Au bout de la ligne droite, au cœur du village de Talloires, déboule l’un des derniers participants. Lui, n’en a plus, de cœur. Il en a tellement mis à l’ouvrage. La pression de partir le premier sûrement. D’être le maillon initial d’un rouage plus ou moins huilé, préparé. Pensez ! Quatre sportifs : rameur, traileur, parpentiste, vététiste, se donnant le relais dans une même équipe, on n’avait jamais vu ça avant le premier Red Bull Éléments, relais sans équivalent inauguré en 2011 – et dont l’édition 2017 verra un nageur exténué remplacer le rameur carbonisé.

Pas aussi simple qu’un 4×100 m, ce pari de transversalité. Surtout quand il faut faire avec les éléments, hostiles par nature, dès qu’on ose l’altitude et sa météo instable. Un relais unique, donc, incertain jusqu’à l’issue tant le terrain peut se montrer joueur avec les pros, comme les amateurs.

Premier relayeur, le nageur est celui qui donne le rythme.
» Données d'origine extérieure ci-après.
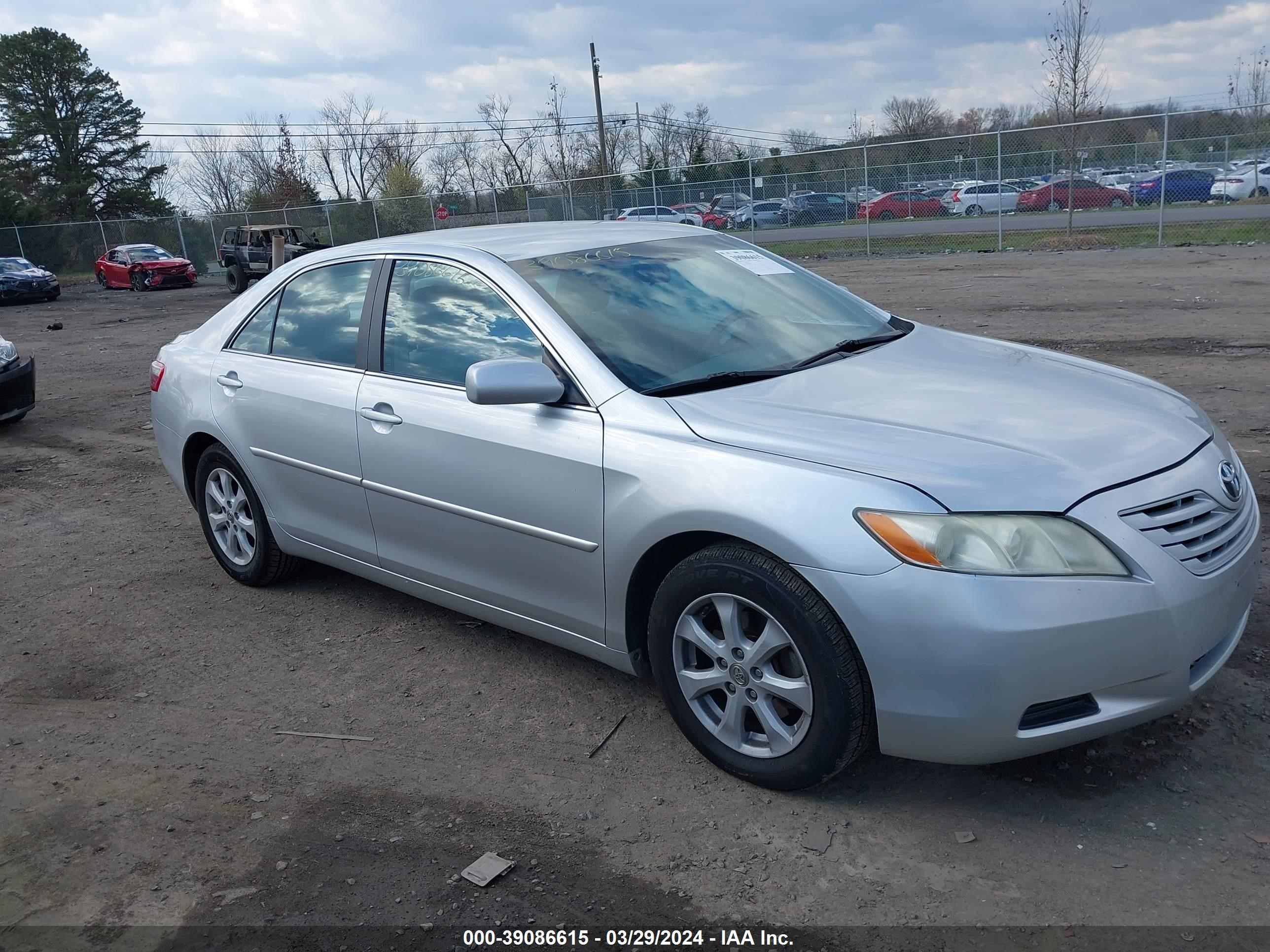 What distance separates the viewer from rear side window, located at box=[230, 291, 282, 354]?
4949 millimetres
Revenons à l’élément premier. Les eaux calmes et claires du lac au petit matin. Après un départ en masse – 70 équipes à l’attaque – ce sont 2 800 m de nage qu’il faudra désormais assurer au Red Bull Éléments, en deux tours, suivi pour le premier de 400 m et pour le second de 600 m de course à pied.

Lorsque le nageur surgira de l’eau, réalisant le sprint le plus humide de toute sa carrière, c’est à bout de souffle et de muscles qu’il tapera dans la main de son équipier traileur, prêt à s’élancer à l’assaut de la Tournette, 11,2 km plus haut. Une chaîne de performance solidaire.

Au sortir d’une brume bien trop glacée, le traileur se fait masser les mains – gelées – par son successeur parapentiste. Lequel, après avoir survolé le vert émeraude du lac d’Annecy, fait trois atterrissages et autant de décollages, rate la micro-barge sur laquelle il est censé atterrir dans le lac, court comme un dératé, voile placée en corolle et suspentes emmêlées pour compenser la perte au chrono.

Puis lessivé, tape dans la main du dernier, le vététiste qui part pour 22 km, et qui, de monotraces rachitiques en passerelles branlantes, finit en aveugle, sans savoir grand-chose de son classement. Mais qui va piocher au fond, tout au fond, parce que l’esprit d’équipe est un formidable accélérateur de performances. L’union fait la force, dit-on.

Deuxième relayeur, le traileur donne tout dans les 11,2 km de montée qui le séparent du sommet.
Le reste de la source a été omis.